Data extracted from a collection:
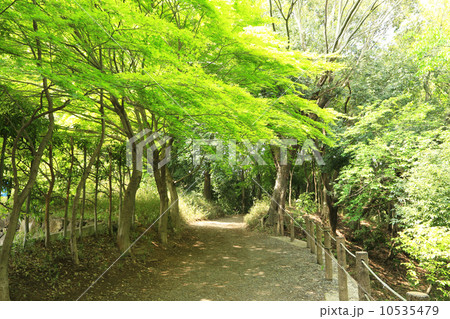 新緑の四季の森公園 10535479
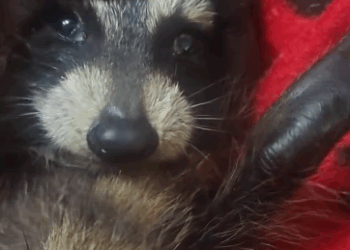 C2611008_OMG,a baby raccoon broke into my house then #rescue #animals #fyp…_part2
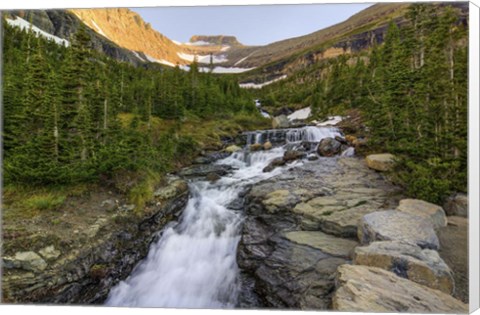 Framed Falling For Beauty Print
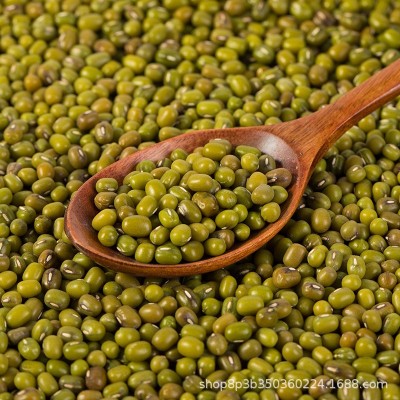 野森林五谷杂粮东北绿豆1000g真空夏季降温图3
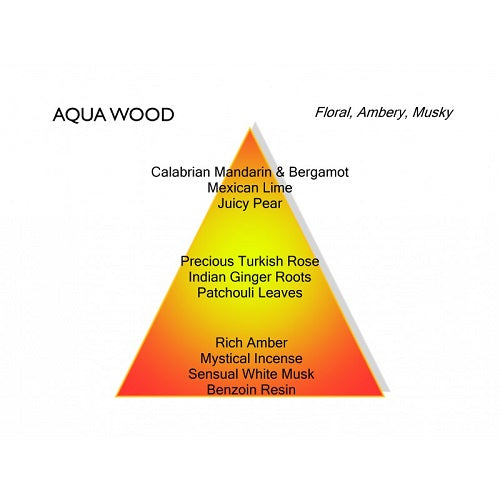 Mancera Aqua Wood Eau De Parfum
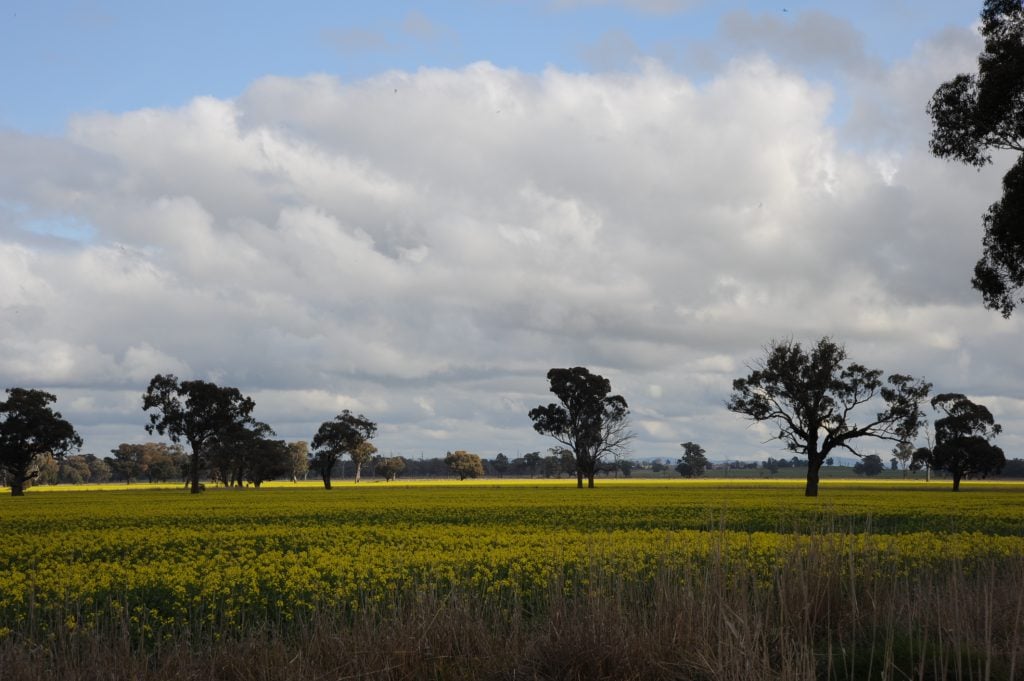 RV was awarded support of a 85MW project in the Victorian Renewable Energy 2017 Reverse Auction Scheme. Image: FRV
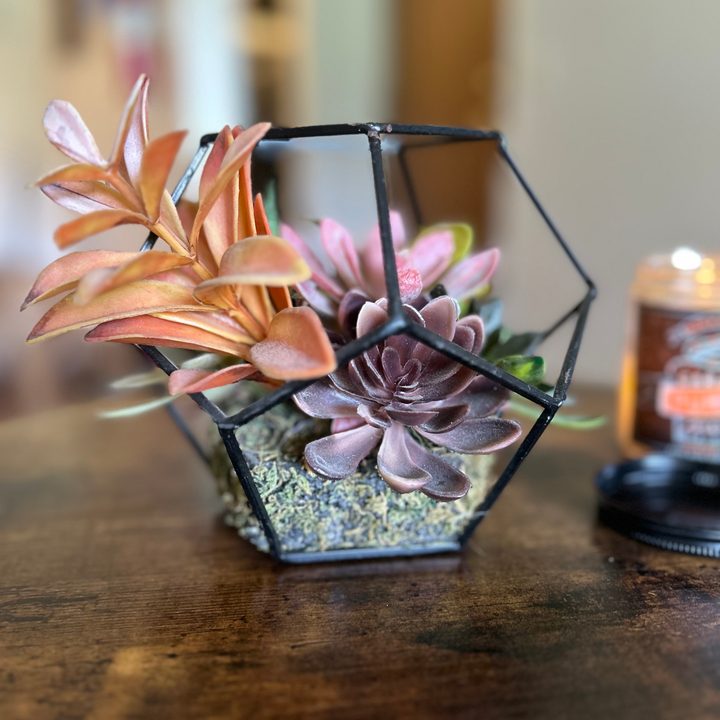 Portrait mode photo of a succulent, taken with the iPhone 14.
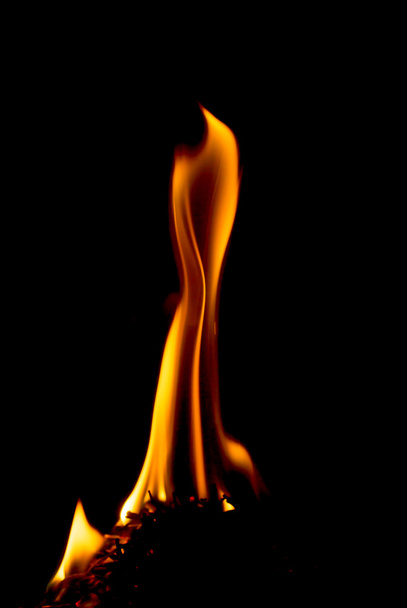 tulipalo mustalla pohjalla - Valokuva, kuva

TASK DESCRIPTION: From the first line to the last, reproduce the records above exactly and skip the pictures.

EXERCISE OUTPUT:
 新緑の四季の森公園 10535479
 C2611008_OMG,a baby raccoon broke into my house then #rescue #animals #fyp…_part2
 Framed Falling For Beauty Print
 野森林五谷杂粮东北绿豆1000g真空夏季降温图3
 Mancera Aqua Wood Eau De Parfum
 RV was awarded support of a 85MW project in the Victorian Renewable Energy 2017 Reverse Auction Scheme. Image: FRV
 Portrait mode photo of a succulent, taken with the iPhone 14.
 tulipalo mustalla pohjalla - Valokuva, kuva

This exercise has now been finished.